I have been thinking about this for awhile.
I have been trying really hard for awhile...off and on.
I have been struggling mentally for awhile.
Why is it so illusive? Just beyond my grasp? Always a bit further out of reach?
I want to be consistent. Lately I have had to ask myself....what does that mean?
I am not the type of person who gets up EVERY DAY at the SAME TIME....who goes to bed at the same time...who has a system for everything they do (and it never changes). I am not the person who has a routine...who has the same work schedule 5 days a week....who sleeps a normal number of hours every night...who has "date night" every Friday with her husband...who exercises every morning like clockwork.
I want this to be me...but it is not...
Because that is not who I am...that is not my life.
My life is busy...my life has a different schedule everyday...my life is organized around people...my life is a collection of odd tutoring jobs and lifeguarding...my life will stop or rearrange for people almost anytime....my life is devoted to serving God....my life is organized...my life is fun...my life is NOT consistent/scheduled/or routine.
Some of you may be confused as to why I think this is a problem. I am a first born, A-type personality that likes things neat, symmetrical, organized and...consistent!
As I've thought about this, I've moved from FRUSTRATED to DETERMINED to DISCOURAGED to CONFUSED to NOW....and where am I now?
I realize that God's word encourages consistency...but not consistency in routines or schedules.

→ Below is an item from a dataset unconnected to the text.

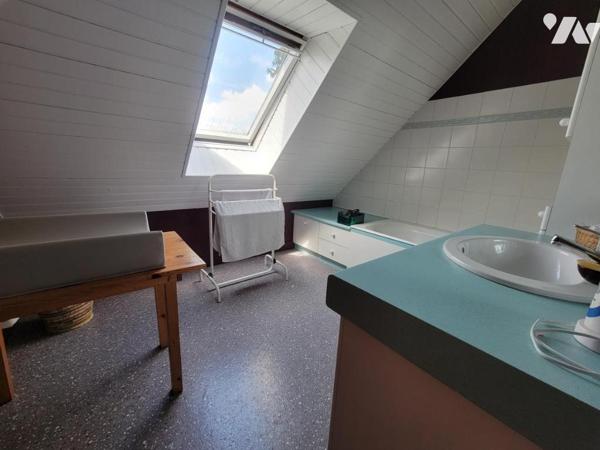 Maison d'habitation proche centre-ville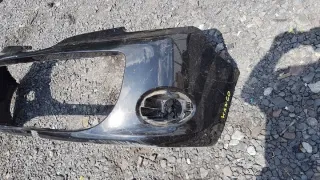  Бампер передний Renault Kangoo 2 Арт e10350896, вид 2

It encourages a consistent life.
I want to be a woman who is consistent:
CONSISTENT in loving and following my Savior with my whole heart.
CONSISTENT in serving and cherishing my husband.
CONSISTENT in praying for those I love.
CONSISTENT in my words and actions.
CONSISTENT in loving others even when it is inconvenient
CONSISTENT in arranging my life around others
CONSISTENT in trusting God and living in HIS PEACE...no matter how crazy or inconsistent my schedule is.
A different kind of consistency
As I think about this, I once again realize that in my own strength I will be an utter failure...or at best an uptight legalist. I need, we need, God's strength to be consistent in our walks with Him and our relationships with others.
To be consistent like Jesus, we need the strength of Jesus through the Holy Spirit.
This is my heart and prayer right now. I hope these thoughts that have been running around in my crazy mind can bless you somehow.
|This is how the afghan I made looks on my in laws' couch! I made it as a gift for my mother in law.|
|Me sitting on the floor of my in laws' back room while writing this post...Travis was doing our taxes!|
|Earlier this week I made homemade corn dogs! They were great! Tutorial to com!|
Btw...these instagram pictures are just another example of how I feel totally inconsistent. Last week I had like 12 pictures for my post...this week...three....
Oh well, through the grace of God I am learning that this type of consistency is not the type of consistent I need to be. So let's be consistent together...a consistency that will last in light of HEAVEN! Through the strength and grace of Jesus, this is my prayer.